The very first comic book I can recall reading was an Avengers issue that pitted the team against the Absorbing Man. I have been waiting for this movie to be made for a very, very long time. And when you add that general anticipation to the good job Marvel Studios has done with the recent films (the first “Iron Man” and “Captain America” in particular), and then add to that Whedon as writer and director, and I started to fear that nothing short of the “Citizen Kane” of superhero movies was going to live up to my expectations. By the time I saw the trailers – emphasizing all the special effects in the final battle sequence in Manhattan and looking not too different from a Michael Bay film – I began bracing myself for disappointment. Then the early reviews from people like Drew McWeeny were ecstatic, as were the Twitter reactions on Thursday night from trusted fellow geeks who went to one of the midnight screenings. Maybe, I began to tell myself, Joss got it right?

Damn straight he did.

“The Avengers” does not reinvent the superhero movie wheel. It does not chart a bold new direction for the genre in general or for the current batch of Marvel Studios films in particular. It is just a beautifully-executed piece of work that manages to do right by the characters and source material even as it works as a kickass action movie for non-nerds who won’t automatically get goosebumps at seeing the SHIELD helicarrier brought to life or at the glimpse of Thanos in the first of the two bonus scenes.

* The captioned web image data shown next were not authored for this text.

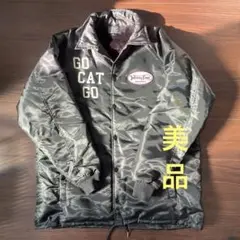 ジョニークール  GO CAT GO COACH JACKETコーチジャケット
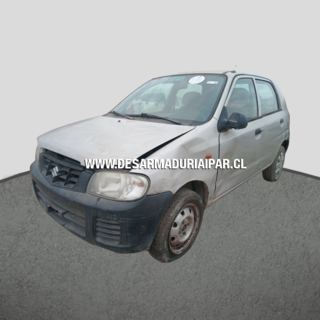 Repuestos y Desarmaduria SUZUKI ALTO 800 F8D SOHC 12 VALV 4X2 2009 2010 2011 2012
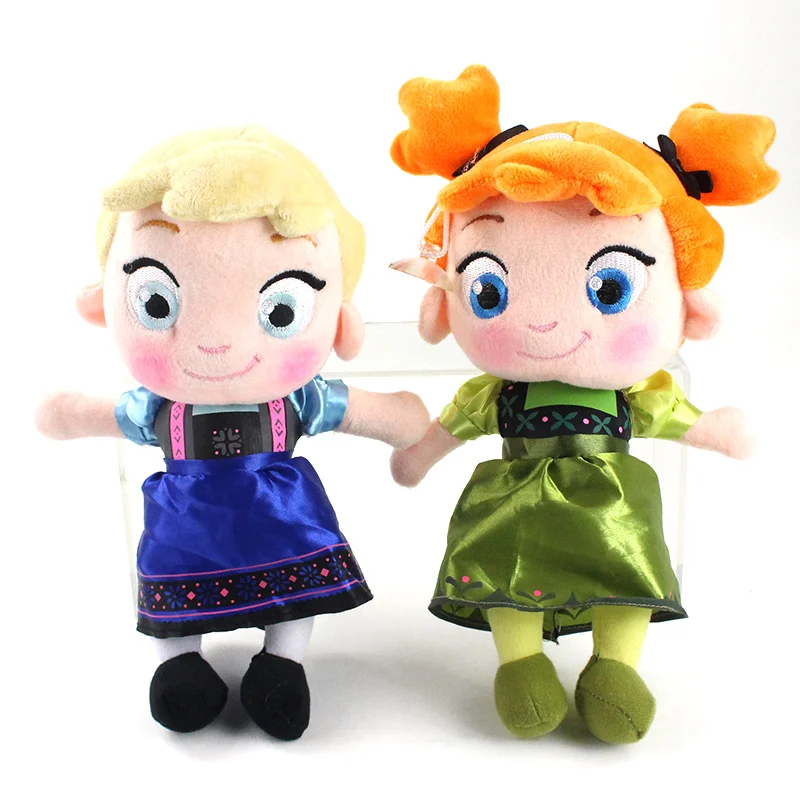 Кукла Плюшевая Холодное сердце 2 28 см |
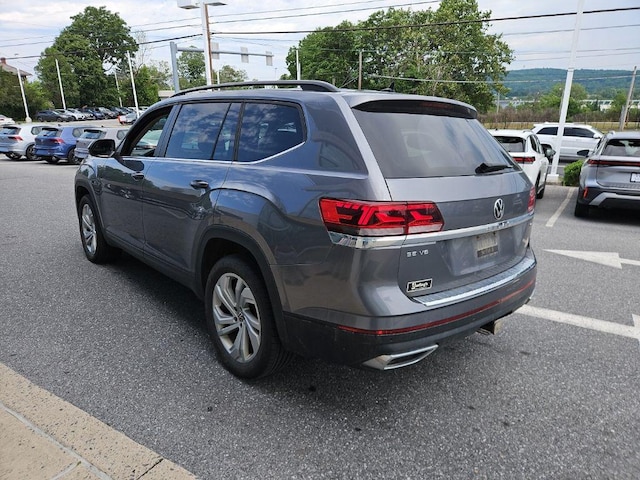 2023 Volkswagen Atlas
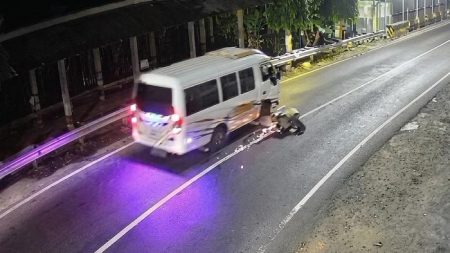 Sosok Husnul, pedagang sayur keliling di Lumajang yang ditabrak Elf dan terseret hingga 100 meter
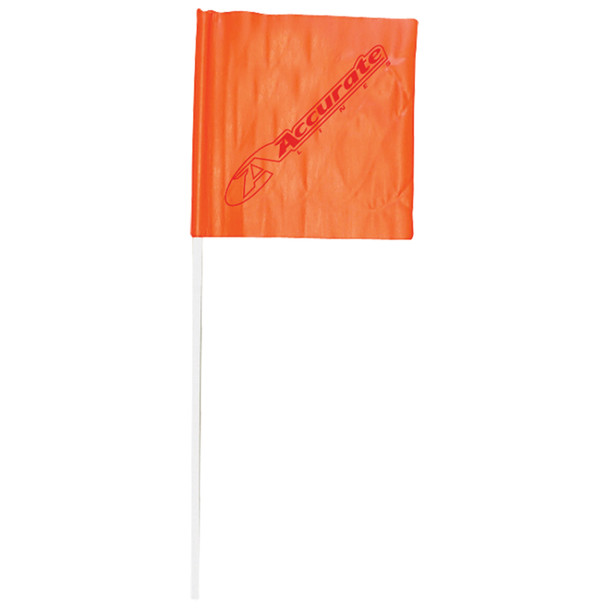 HO Sports Skier Down Flag w/ Suction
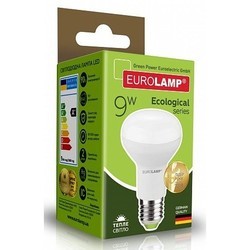 Лампочки Eurolamp LED EKO R63 9W 3000K E27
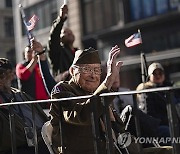 Veterans Day Parade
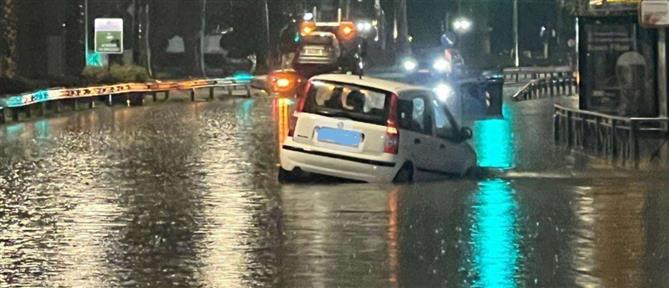 Σκυλακάκης για παραλιακή: Η ΕΥΔΑΠ να αναλάβει την ευθύνη - Δύο έργα για το αποχευτευτικό στην Αθήνα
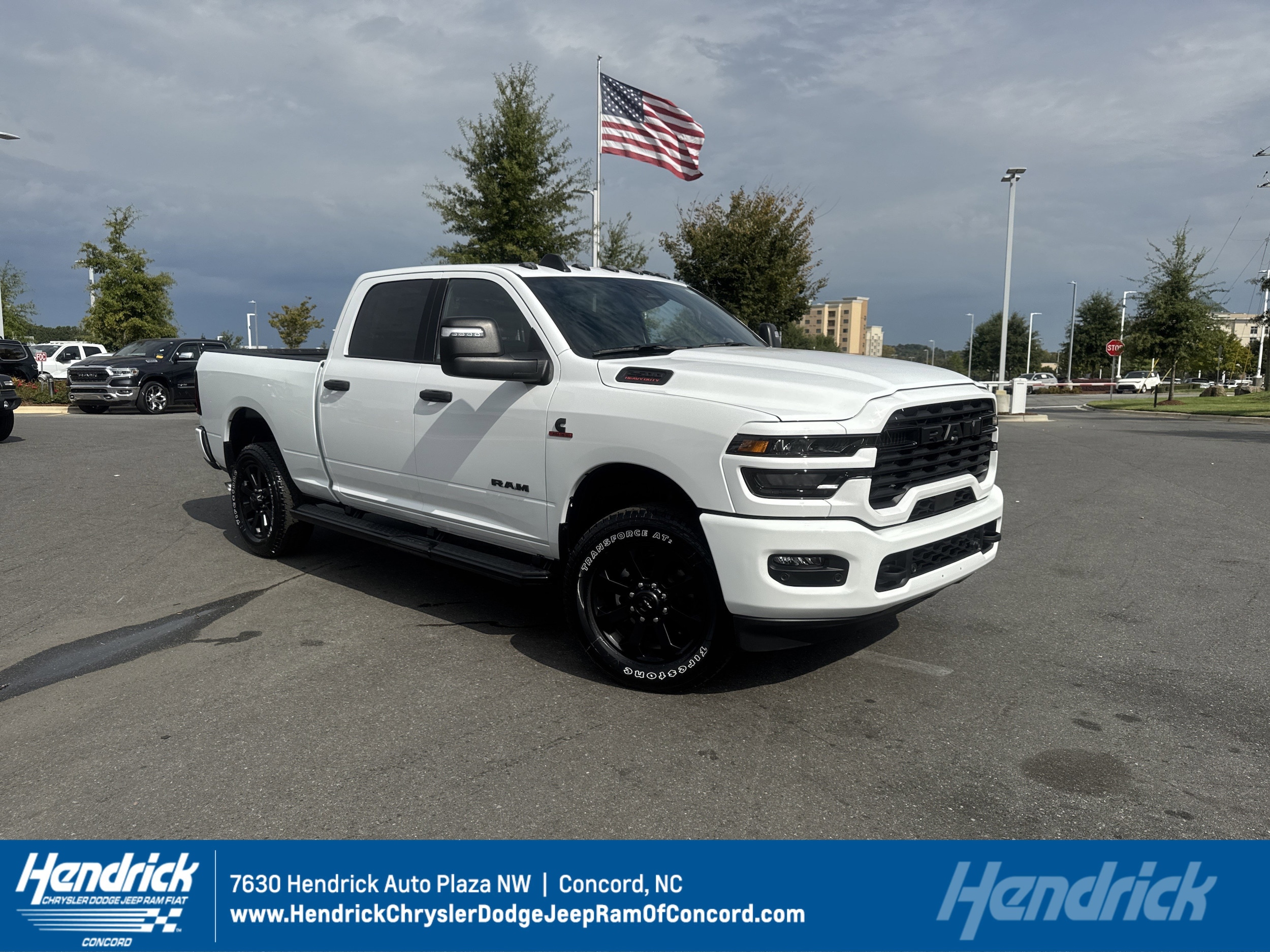 2025 RAM Ram 2500 Pickup Big Horn's photo
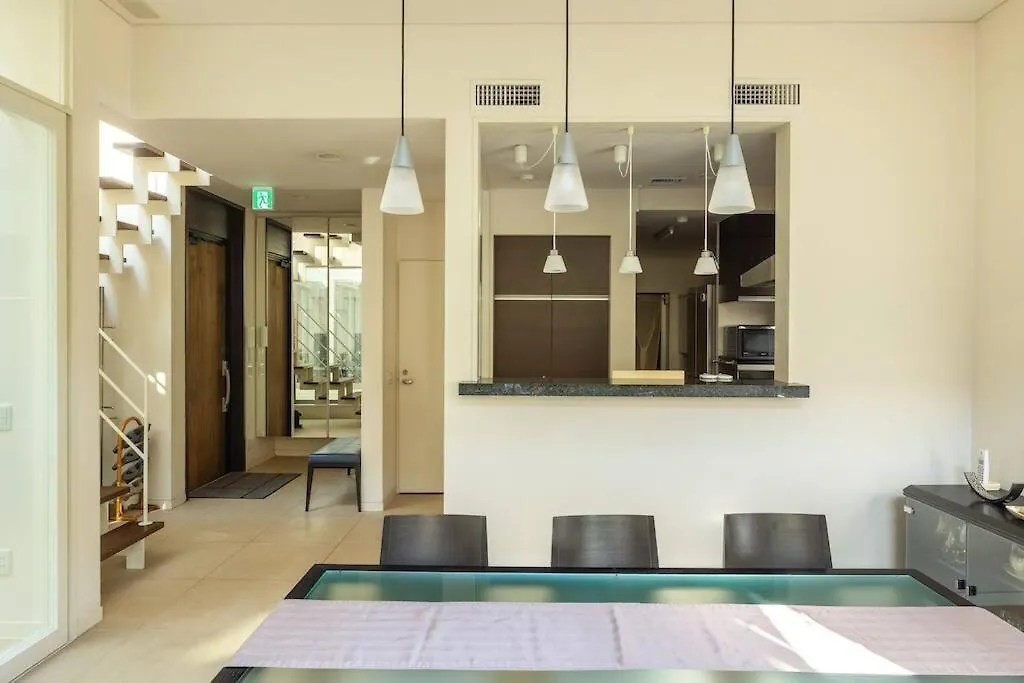 Apartment Okusawa Private House Tokyo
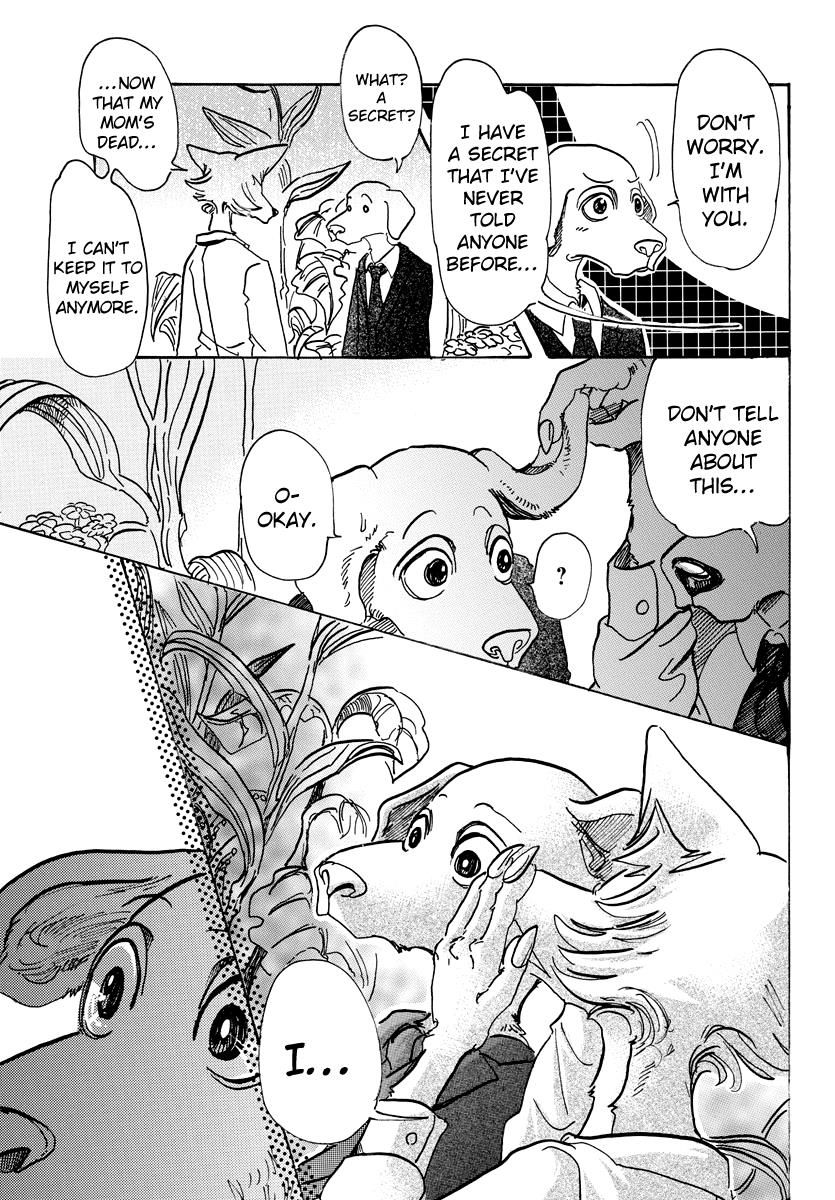 Read Beastars chapter 73 image 4 on Lezhin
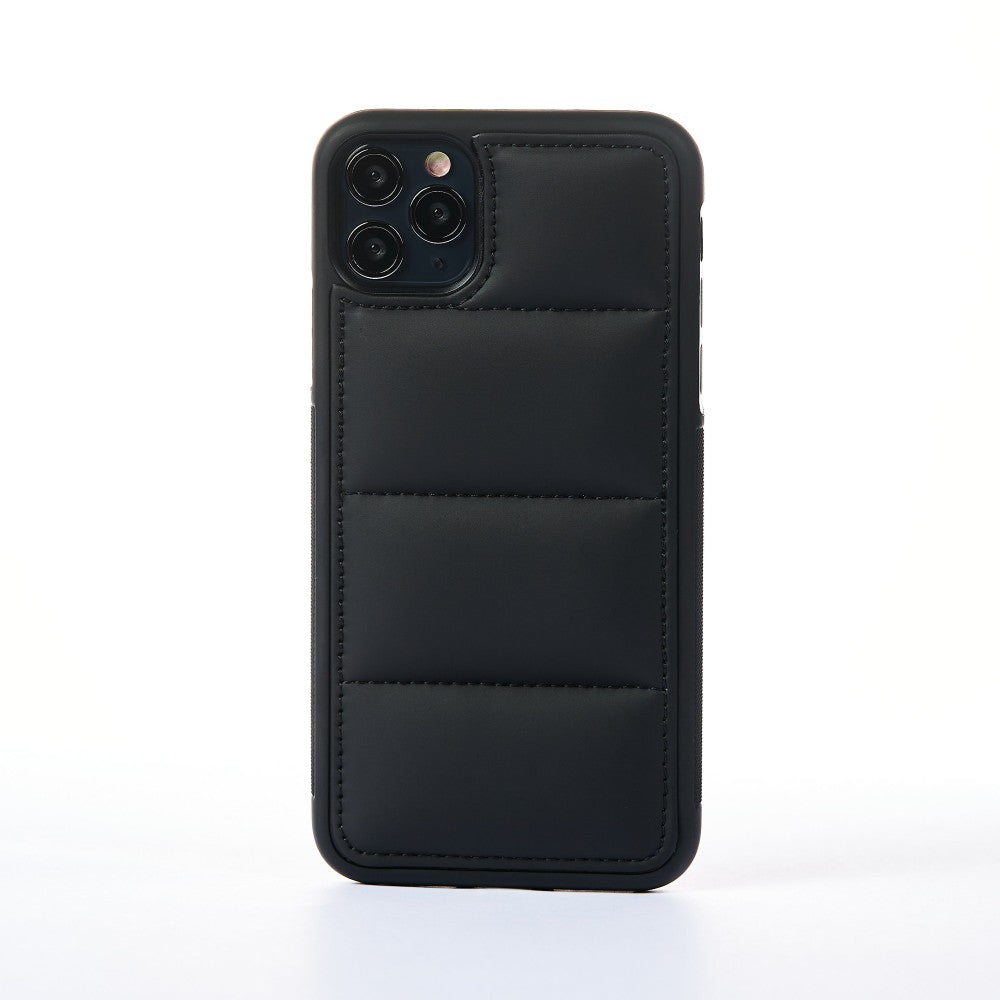 Husa 4 Puff - iPhone 11 Pro Max - Negru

That Whedon was able to do this shouldn’t be a surprise to anyone who’s paid attention to his work, whether on TV, in comic books or even the “Firefly” movie spin-off “Serenity,” which is itself a ripping action yarn that nobody saw for the same reasons that nobody watched “Firefly.” (And also because it was a spin-off of a TV show that nobody had watched.) The only reason to doubt at all is that when that much money is at stake, and that many egos are involved, there’s always the worry that more powerful people weren’t going to leave Joss to his own devices, and we’d get something like the early episodes of “Dollhouse.”

But he appears to have been allowed to play to his strengths, one of which is a gift for writing generously for an ensemble. Though all four of his TV shows had clear main characters, he very quickly recognized with each that things worked best when everyone got something to do. (And, with some of the shows, they tended to be better when the second bananas got more to do than the lead.) With this movie, there are six leads, and with the possible exception of Hawkeye – who doesn’t get a big intro scene like the others, and who spends roughly the first two-thirds of the movie as a mind-controlled henchman – they’re all treated as equals, regardless of how famous the actor and/or character is. They all get multiple moments to shine, as do genuine supporting characters like Nick Fury, Agent Coulson(*) and Maria Hill.

(*) RIP, Agent Coulson, who becomes the latest victim of Whedon’s penchant for impaling likable characters at inopportune moments. I wonder if the character was always destined to die in this film, or if Joss recognized that the teams’ silly name (which was never properly explained in the comics; the Wasp just thinks it sounds cool) required someone for them to avenge, recognized that the audience would be used to Coulson by now, and that they’d like him because Clark Gregg was so good with such a tiny part, and bumped him off.

And it’s not just that they all get cool action moments, though they do. In the context of the film, the long climax in Manhattan doesn’t feel like a Bay film, because it’s easy to follow most of what’s happening, and the action is always informed by character: that Hulk takes great pleasure in being in a situation where smashing is a good thing, that Cap needs to give the cops a reason to follow his orders, that Hawkeye’s been looking forward to put an arrow through Loki’s eye, etc. That long battle sequence reminded me of Buffy and the Scooby gang’s battle against Glory in the 5th season finale, where Whedon made sure everyone got a good moment (Xander with the construction crane, for instance), but on a much, much bigger scale. It’s closer to the long action climax to “Serenity,” but even here it’s vastly more ambitious. Whedon definitely gives good action.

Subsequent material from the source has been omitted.